▶ Exercise description:
Lower down are entries containing pictures. Copy exactly, without those pictures, the lines from the line with "Teal short knit" through the line with "Group of women, including".

▶ Records supplied:
★ ★ ★ ★ ★ ★ ★

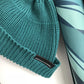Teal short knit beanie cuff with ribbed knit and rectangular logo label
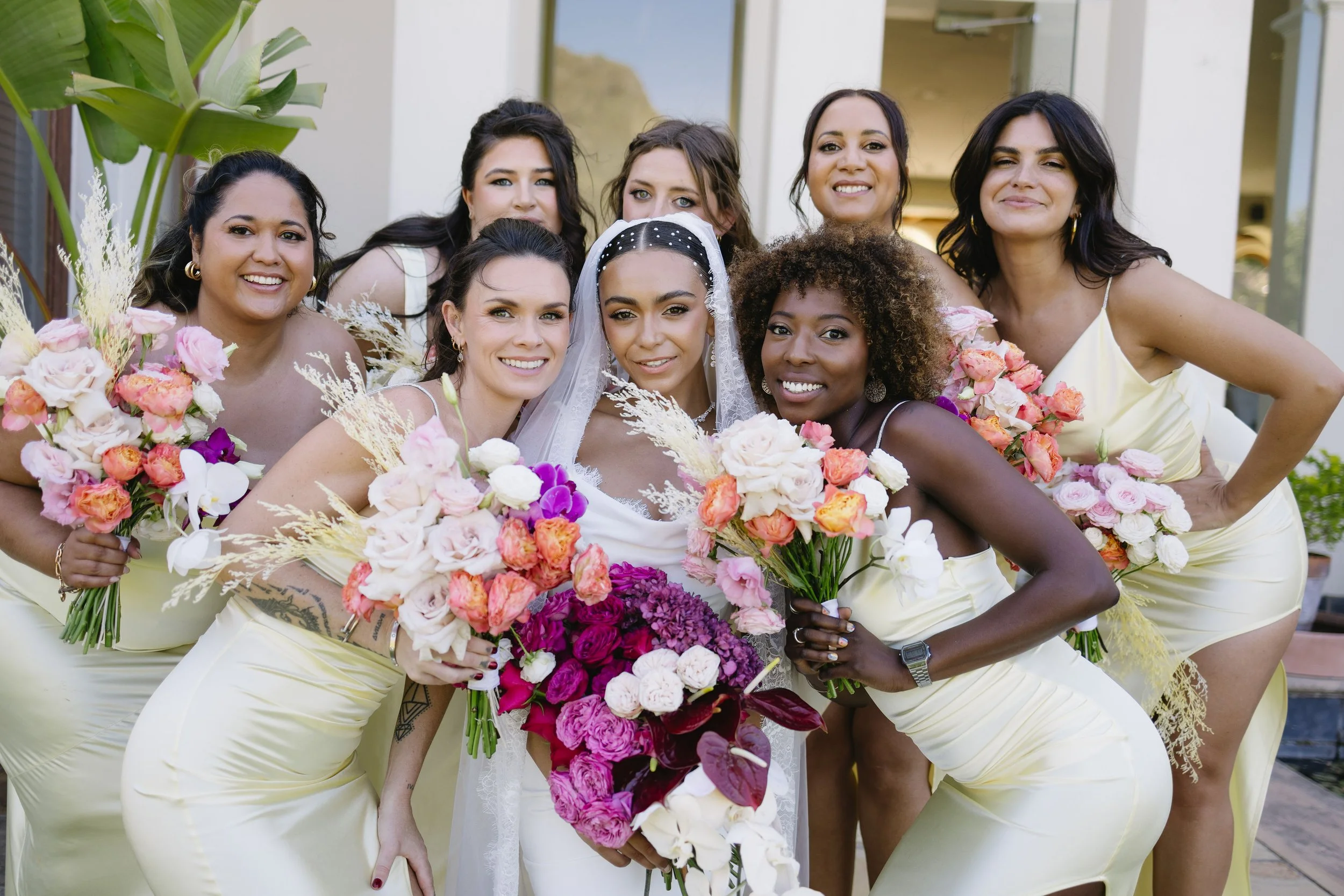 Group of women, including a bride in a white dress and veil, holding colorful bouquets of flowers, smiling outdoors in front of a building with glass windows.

★ ★ ★ ★ ★ ★ ★

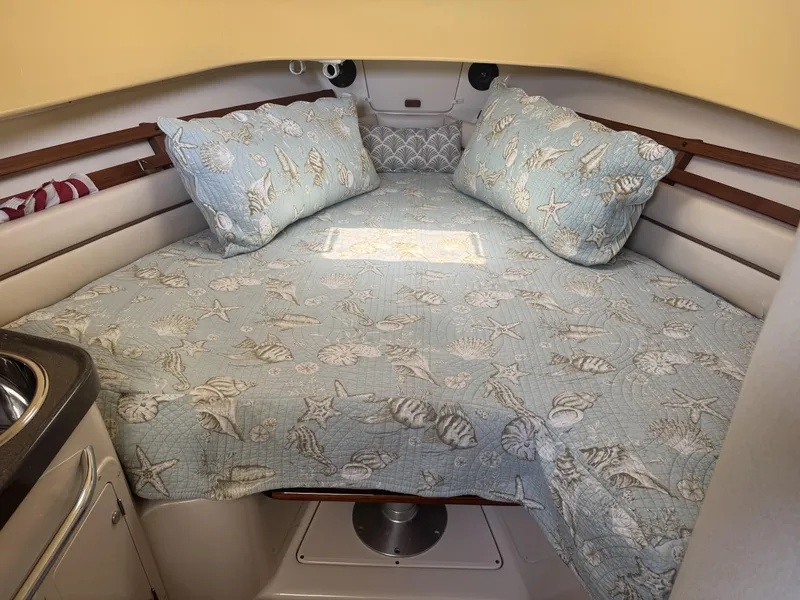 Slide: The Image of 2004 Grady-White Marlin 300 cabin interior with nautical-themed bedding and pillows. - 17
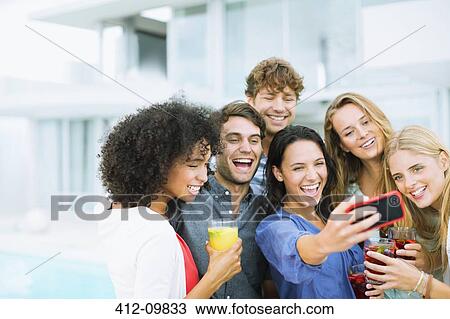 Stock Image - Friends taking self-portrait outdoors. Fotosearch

★ ★ ★ ★ ★ ★ ★

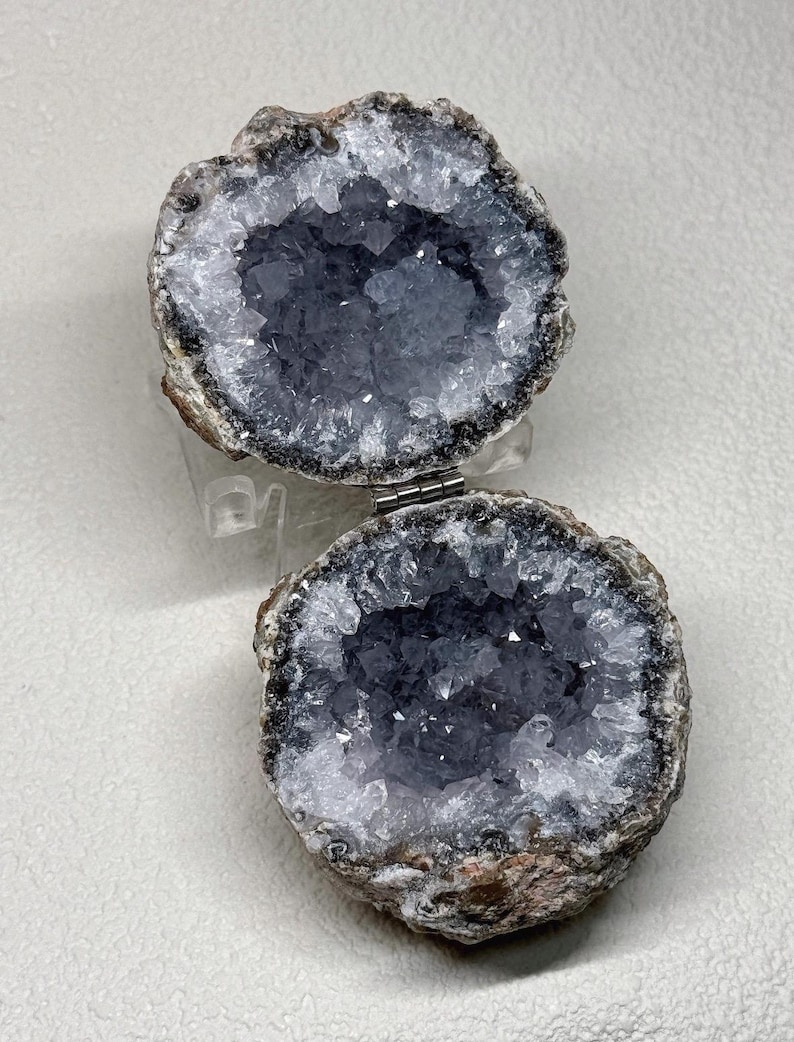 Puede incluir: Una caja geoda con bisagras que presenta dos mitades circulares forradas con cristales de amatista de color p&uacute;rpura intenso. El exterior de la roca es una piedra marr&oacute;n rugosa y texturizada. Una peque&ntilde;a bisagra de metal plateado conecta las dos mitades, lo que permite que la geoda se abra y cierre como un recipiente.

★ ★ ★ ★ ★ ★ ★

▶ Task response:
Teal short knit beanie cuff with ribbed knit and rectangular logo label
 Group of women, including a bride in a white dress and veil, holding colorful bouquets of flowers, smiling outdoors in front of a building with glass windows.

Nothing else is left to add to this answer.